Despite the progress, Obama said, “we also know that the shadows of the past have not completely disappeared. … I know that so many of you still see these shadows every single day. Maybe it’s when … law after law is passed about the kind of ID you need to cast your vote. Maybe it’s all those schools that, despite the laws, are still very much separate and unequal, or the criminal justice system that still doesn’t provide truly equal justice for far too many.”
The first lady said the question isn’t whether you’re going to come face to face with these issues but how are you going to respond when you do. “Are you going to throw up your hands and say that progress will never come?”
President Obama’s guiding principles
She then invoked her husband’s name and listed his guiding principles of dignity and excellence. “Are you going to take a deep breath, straighten your shoulders, lift up your head, and do what Barack Obama has always done? As he says: ‘When they go low, I go high.’ We simply do not allow space in our hearts, minds or souls for darkness. Instead, we choose faith … in our God, whose overwhelming love sustains us every single day.”
Mrs. Obama admitted to being a bit biased and loyal to the commander in chief because of his values and the fact that “I think he’s cute, too,” she said humorously.

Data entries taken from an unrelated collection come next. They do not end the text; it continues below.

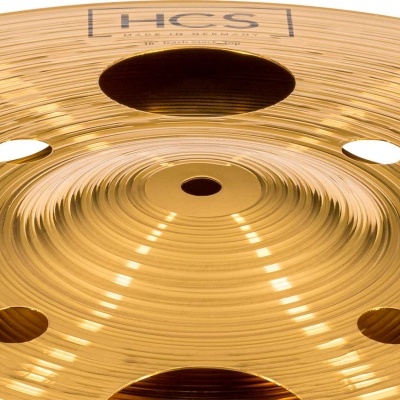 Prato de bateria de metal dourado com vários furos circulares e texto impresso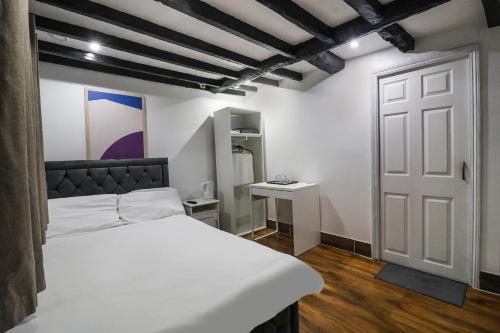 ein Schlafzimmer mit einem weißen Bett und einer weißen Tür in der Unterkunft OYO Tudor Oaks Lodge Stevenage North in Astwick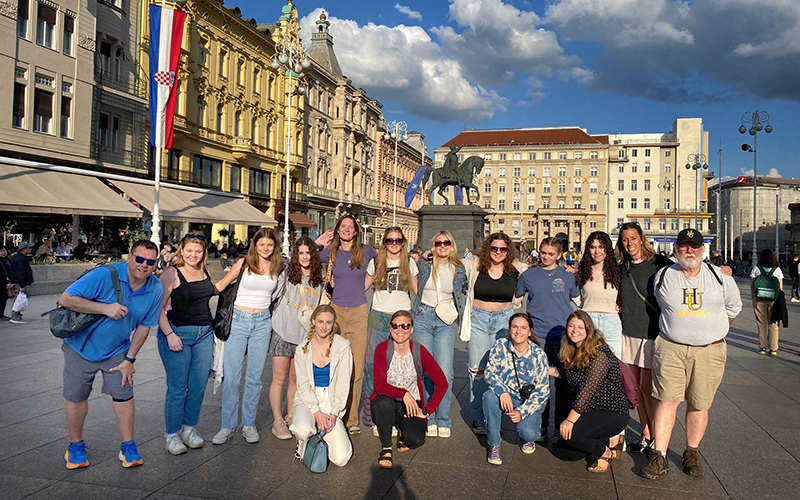 The Harwood girls’ basketball team, coaches and two people from PH International pose for a photo in the town square in Zagreb, Croatia. Coaches: Bethany Fuller, Greg Titus, and Tommy Young. Players: Cammie Rocheleau, Abby Young, Cierra McKay, Ciera Fiaschetti, Jill Rundle, Mia Lapointe, Sadie Nordle, Quinn Nelson, Eloise Lilley, Addy Olney, Roanha Chalmers. PH International: Tracy Guion and Emily Wilmers.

The first lady then touted the administration’s successes in preventing another Great Depression, creating 14 million new jobs, returning service members home and providing 20 million more people with health coverage. She also trumpeted reduction in the unemployment rate and the deficit, and the country’s move toward allowing Americans to marry the person they love.
While acknowledging politics can be brutal, Mrs. Obama said she yearns for an end to the political morass and brinksmanship that threaten judicial confirmations, immigration and minimum wage hikes.
Her light-hearted moments, though, paid tribute to JSU for its renowned “rocking” Sonic Boom of the South, symphonic band and choirs and popular events such as Hotspot Fridays at the Horseshoe on the Gibbs-Green plaza. She thanked Meyers for “pushing forward in science and technology; the arts; education; and so much more.”
Tribute to supporters
Also, the first lady especially reminded graduates that they did not get here on their own.
“We have to give it up to all the folks in the stands who helped you all get here – the moms and dads, brothers, sisters, grandparents, cousins, friends and neighbors.”
In addition, she told graduates that the possibilities for them are endless for a brighter future as long as they never cease in their quest for making a difference.
“Here is my challenge to you today: I want you to honor the legacy of our past by making your mark on the future. Graduates, I want you to choose a career that you believe in, something that doesn’t just make money but that truly makes a difference for others. And I want you to do whatever you can to reach back and pull those who still are struggling with you.”
She concluded by telling the Class of 2016 that “I know you’ve got it in you. I can feel it. And, as you say here at Jackson State, the world better get ready because here you all come.”